Remember that if we use existing npm libraries, they will already
presume certain npm dependencies. E.g. if we use emailjs.js IMAP
implementation, it already uses a certain socket module, likely the
native node.js one. We should look out that they are somewhat consistent
(not 13 different socket implementations by various libraries), but I
don't see a point in rewriting library code to use our artificial wrapper.
Essentially, there are already so many JS libraries on npm, and they
give so much value, that at this point, I'd make npm support a
requirement for any platform that we'll use. Including the platform APIs
they use, e.g. node.js require("fs") and sockets etc. That's basically a
requirement for all the already existing code.

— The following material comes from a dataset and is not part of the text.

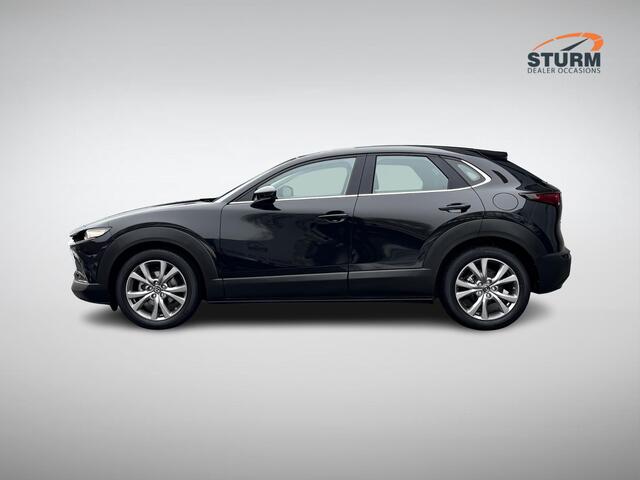 Mazda CX-30 2.0 e-SkyActiv-X M Hybrid Comfort 180pk NL-Auto incl. Trekhaak Afneembaar!
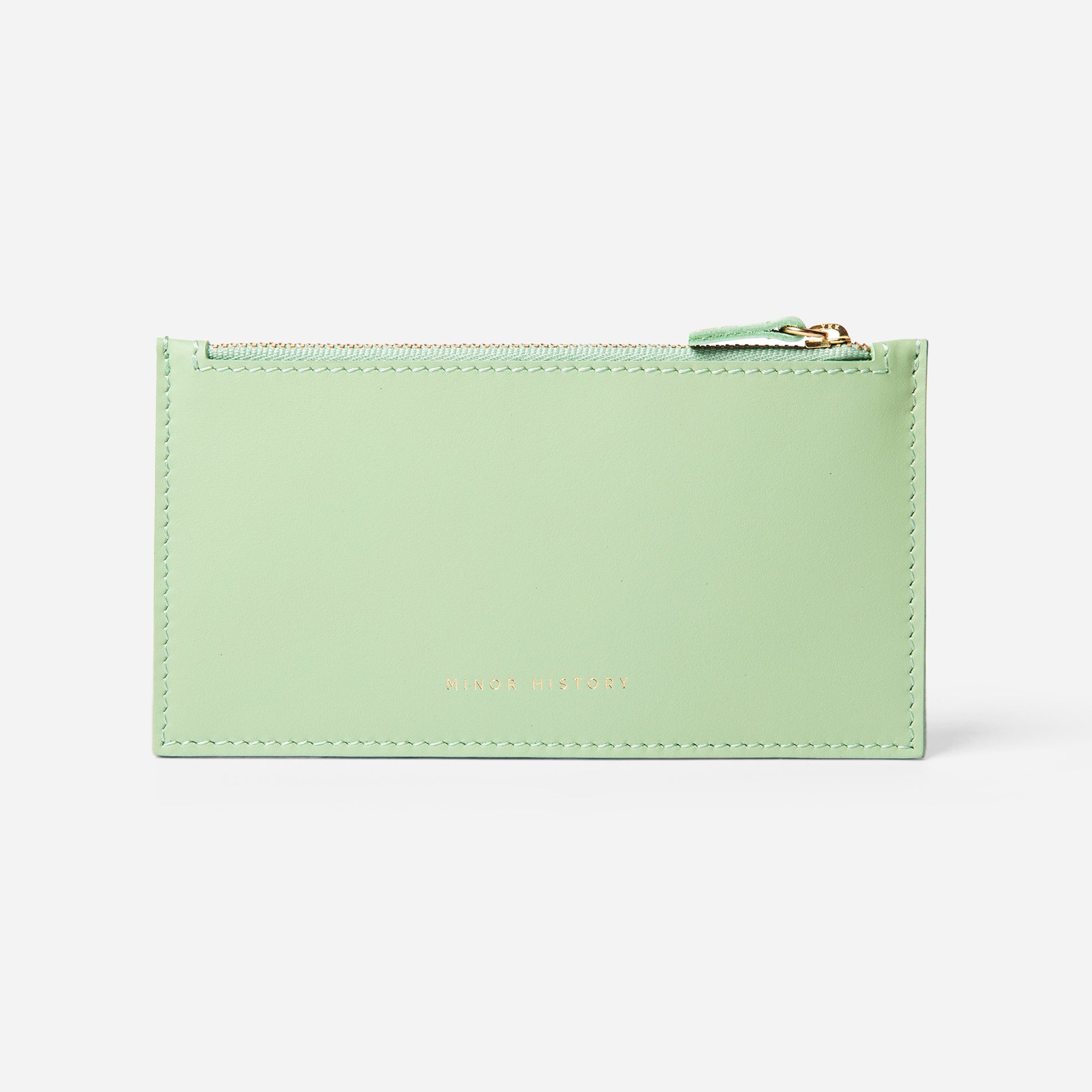 The Backstage Zipper Pouch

So, it's hard to make such decisions in isolation. We should first get
our feet wet and make a prototype, and gain some experience with the new
situation, and then we can derive coding standards and platform APIs
Essentially, I don't want to re-do NSPR in JS. That was probably
Mozilla's biggest mistake, to write their own custom platform
abstraction. It was a necessity back then, and maybe there was nothing
better, but it led to the arcane platform it is today. Let's try to stay
in sync with the existing JS community, and use the same platform APIs.
That gives basis for collaboration, in both directions.
> * Database (I think we need ACID-compliant database, and I don't
> think we want to roll our own here. Note too that "load it all
> into memory" is not going to satisfy performance requirements when
> dealing with large folders).
Again, let's cross that bridge when we get there. For starters, I just
need preferences, mbox, and JSON. That gets me most of my way.
In some other XUL project, we used sqlite, and we eventually replaced it
module by module with simpler solutions, and ended up with no DB at all.
> 0.3. Boring infrastructure stuff that can be surprisingly controversial
> Where do you host repositories? Issue tracking? Roadmaps? Build
> instructions? Support? Documentation? Continuous integration? Mailing
> lists? Updates? What license are you going to use? What build system?
> Test infrastructure? Documentation tool? Linting? Static analysis?
> Some of this stuff can be deferred or changed after coding begins in
> earnest. Some of it can't.
We should not even going to discuss this at this point, and just
delegate this to a person to "set up our servers". Having a community
discussion on this is controversial and a waste of time for everybody,
or "rathole" as Gerv rightly called it.
Just one meta thing: We should not require contributors to make accounts
on third party servers, nor use any proprietary software. (I'll make a
single exception for github, because so much of the community is already
there, and even that could be replaced with gitlab later.)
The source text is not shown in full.